You're right, if you receive any kind of money for training horses or people you lose your amateur status and are considered a professional. This really only affects you if you show.
I always start off my lessons as privates until they can post and steer on their own, then I move them into groups. Depending how old they are (usually the younger they are the longer it takes) you'd be surprised at how long it can take to get to that point!

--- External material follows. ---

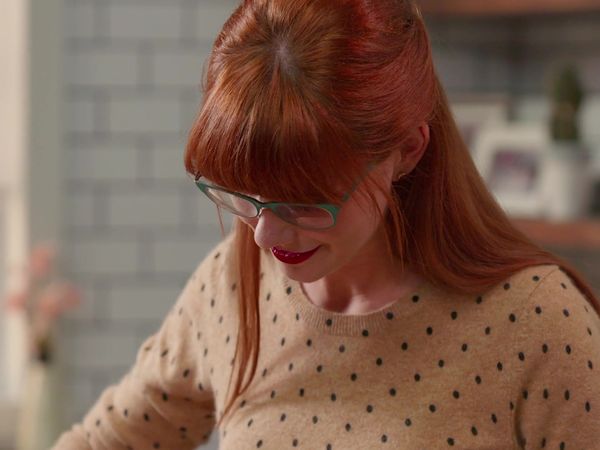 Mary's Kitchen Crush - Myra the Entertainer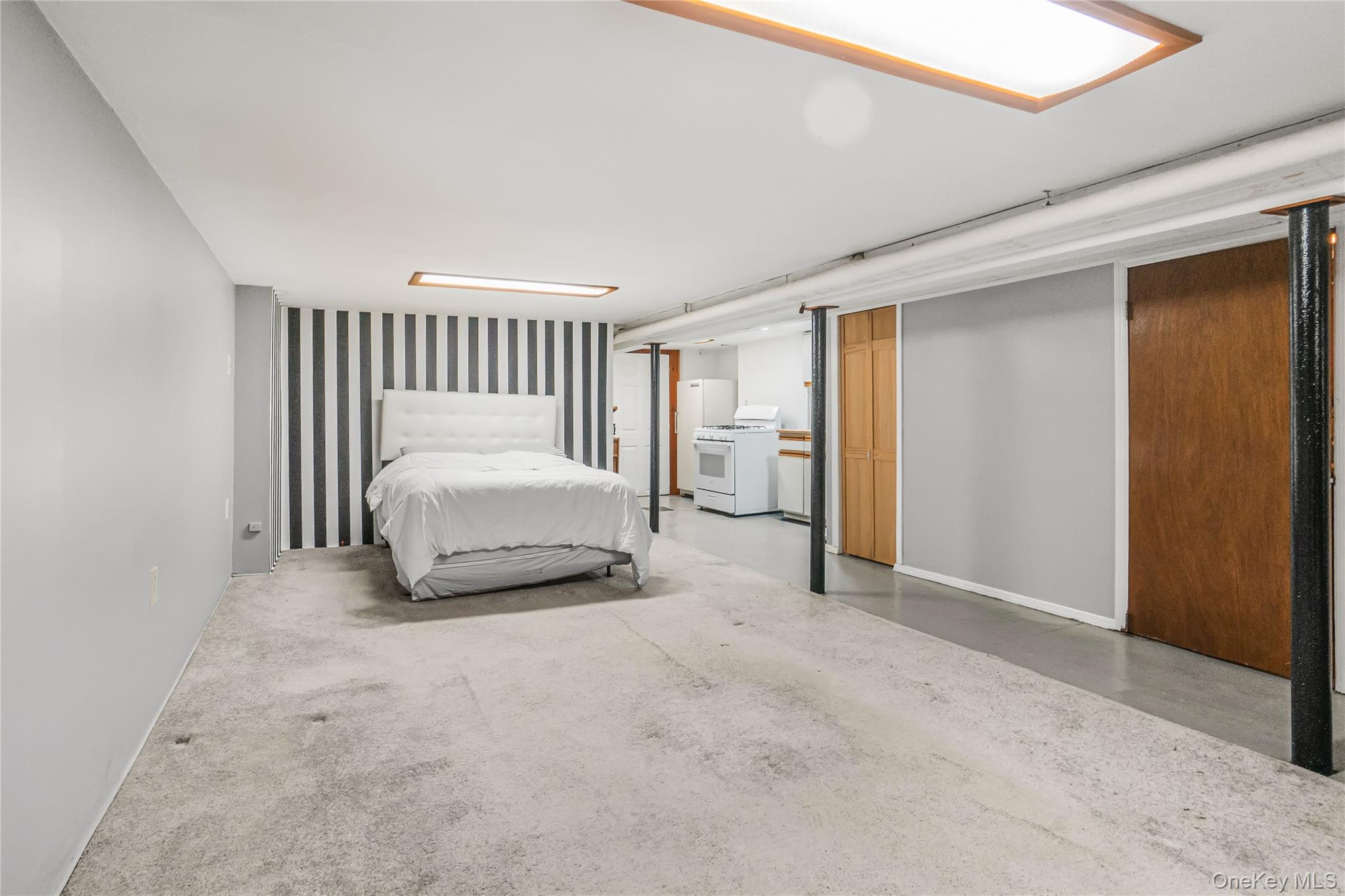 1880 Bleecker Street Property Photo 39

Patterns are fantastic: cutting across, circles (surprisingly tricky for some kids to learn!), serpentines, reversing, etc. I put them through easy patterns and call it "Dressage day". Haha :) I put them on a lunge line, tie their reins, and make them do different things with their hands: on their head, airplane arms, sing head shoulder knees and toes... :) Lots of stuff with ground poles to lead to jumping: make a 'jumper course' of poles and work on finding the straight line down the middle of the pole. A fun game is to put 2 poles out like a line of jumps (like 48 feet apart) and get them up in their 2 point. Over the first pole they put one hand behind their back, and over the second one they switch hands. Then when they get balanced enough to do that I see who can switch their hands the most inbetween the 2 poles. When they're steady enough I let them ride without stirrups a little (again, starting on a lunge line is great!). In fact, my students aren't allowed to canter until they can do a solid posting trot without stirrups. Games (which people have alreaday mentioned) are fun, especially when you incorporate horsie vocab like inside/outside (simon says put your inside hand on your outside knee, etc).
I'm excited for you! I love my job! :)
PS- I'd look into getting a good liability form if you don't have one already!